In modern statistics, the concept of linear models allows researchers to understand and predict relationships between variables. Among them, the General Linear Model (GLM) is widely used in multivariable regression analysis, and the Multiple Linear Regression (Multiple Linear Regression) is a special case of this theory. So, what is the connection between the two?
The general linear model is a parsimonious method that represents multiple multivariable regression models simultaneously, which means that it is not an independent statistical linear model. In short, we can write different multivariable regression models in this form:
Y = X * B + U
Here, Y is a matrix containing multiple measured variable data, X is the observation matrix of independent variables, B is the parameter matrix, and U is the matrix of uncertainty or error. It is worth mentioning that these errors are generally assumed to be uncorrelated across observations and follow a multivariate normal distribution. If these errors do not follow a multivariate normal distribution, we can use a Generalized Linear Model (GLM) to relax the assumptions about Y and U.

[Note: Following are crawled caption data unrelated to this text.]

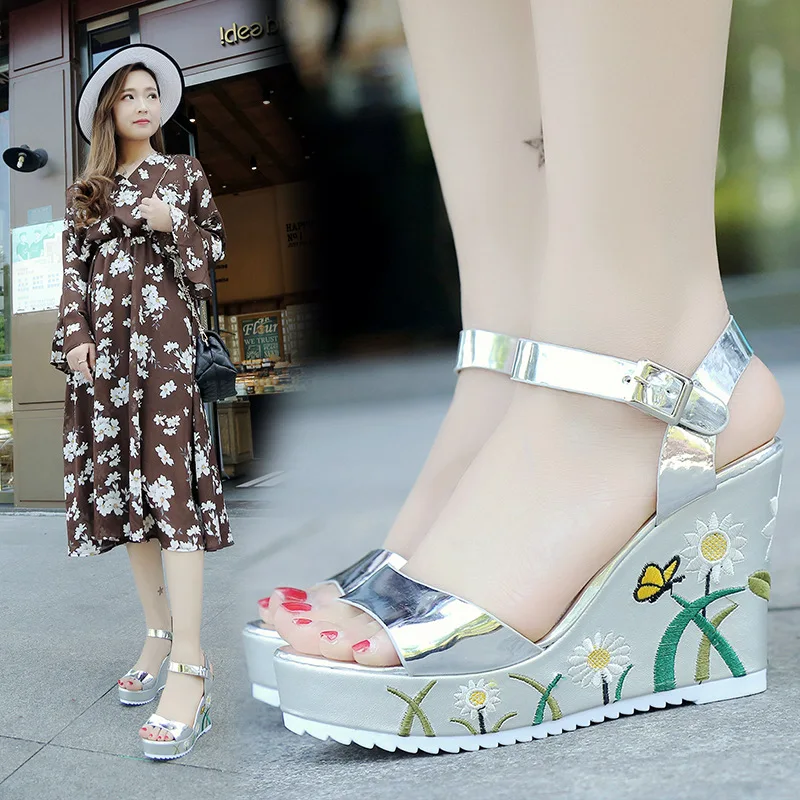 Летняя обувь на платформе для женщин среднего возраста Женские босоножки на танкетке с открытым носком и цветочным узором тотем, передний и задний ремешок, обувь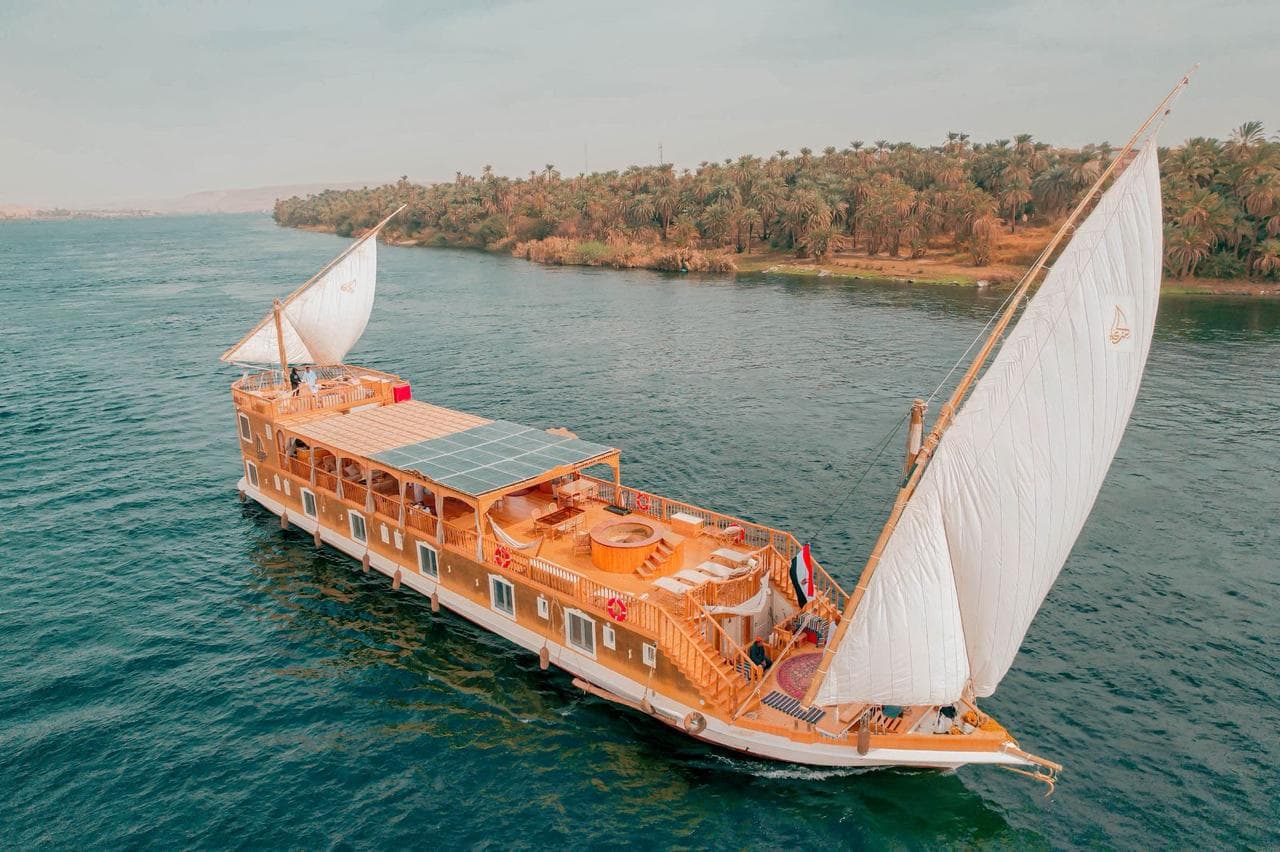 Luxury Nile cruise atmosphere
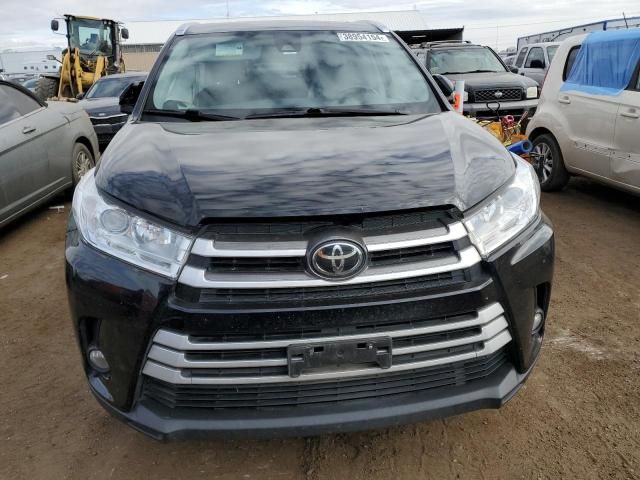 2019 Toyota Highlander SE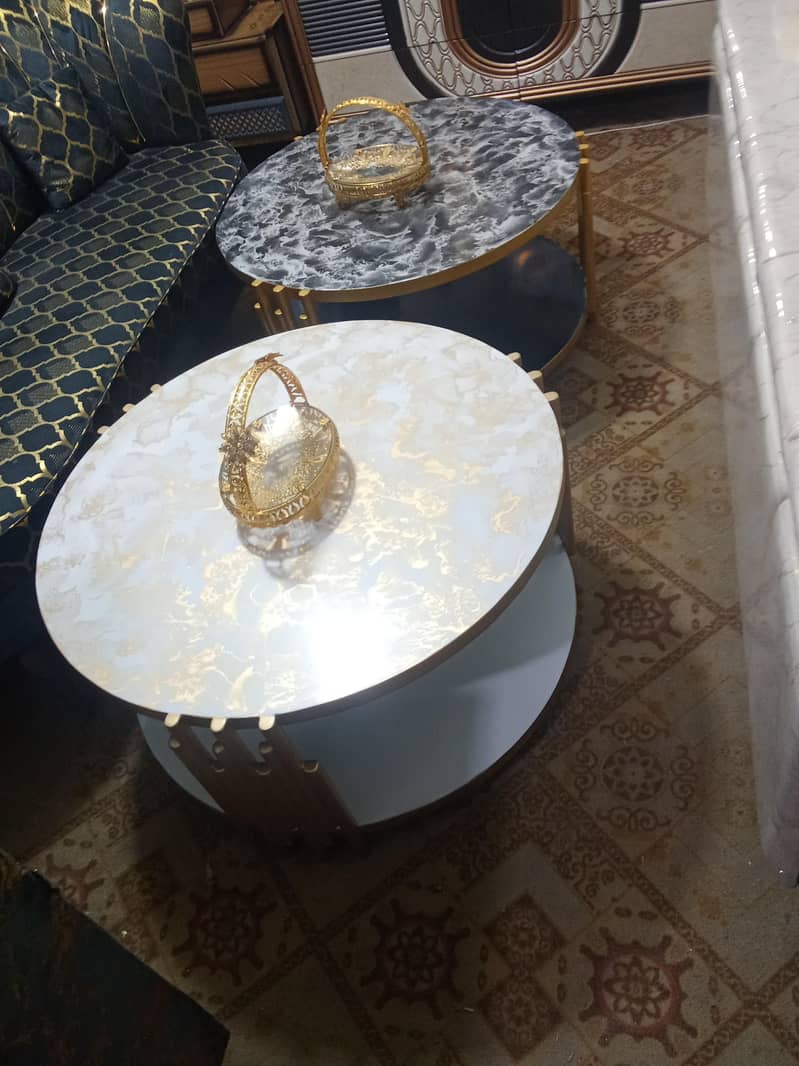 Center Table 0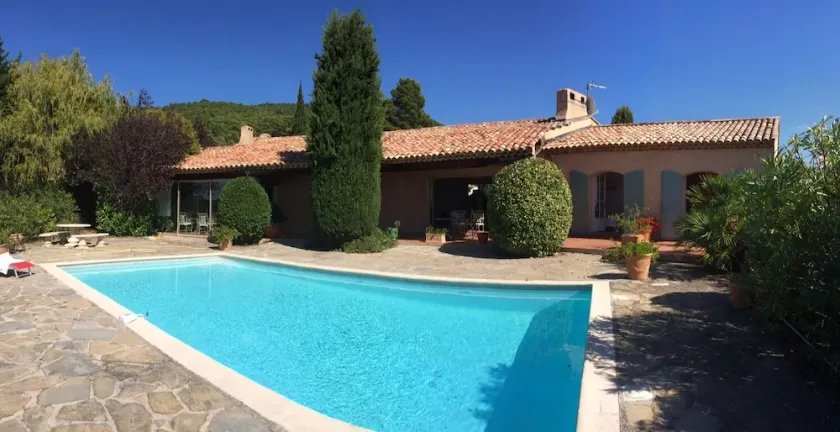 Magnificent 300sqm villa in a unique location - pool heating, central heating, fireplaces - Image 1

The core meaning of the general linear model is that it combines a variety of different statistical models, such as ANOVA, ANCOVA, MANOVA, MANCOVA, etc., which allows it to handle more than one dependent variable, thereby providing a more comprehensive analysis. In this sense, ordinary linear regression is a special case of the general linear model, that is, it is limited to one dependent variable.
Ordinary linear regression is a model related to simple linear regression that focuses on the effect of multiple independent variables on a single dependent variable.
Specifically, the basic model of ordinary linear regression is: Y_i = β_0 + β_1 * X_i1 + β_2 * X_i2 + ... + β_p * X_ip + ε_i. If we consider n observations and p independent variables with this formula, Y_i is the i-th observed value of the dependent variable, while X_ik represents the corresponding observation of the independent variable, β_j is the parameter to be estimated, and ε_i is the i-th independent and identically distributed normal error.
For general linear models, when there is more than one dependent variable, we enter the field of multivariable regression. In this case, for each dependent variable, there are corresponding regression parameters to be estimated, so computationally this is actually a series of standard multiple linear regressions, all using the same explanatory variables.
The assumption of the general linear model is that the residuals will follow a conditional normal distribution, while the generalized linear model relaxes this assumption to allow a variety of other distributions.
Looking further, an important difference between general linear models and generalized linear models (GLM) is that GLM allows a wider range of residual distribution forms to choose from the exponential distribution family, such as binary logistic regression, Poisson regression, etc. The significance of this criticism is that when faced with different types of outcome variables, researchers can choose appropriate models to obtain the best prediction effect.
For example, the application of general linear models can be seen in the analysis of brain scan data. Y may contain the data from the brain scan, and X may be the variables in the experimental design. These tests are usually performed in a univariate manner, which is known in the field as mass-univariate analysis, and is often used in statistical parametric mapping studies.
In short, the relationship between ordinary linear regression and general linear models is like the relationship between a family and its special cases, focusing on how to change from simple observations to complex multi-variable relationships. As statistical analysis techniques develop, understanding the hidden treasures of these models will be an integral part of research efforts. However, in such a development trend, we perhaps should think about: Have you made full use of these statistical tools to influence your research and decision-making?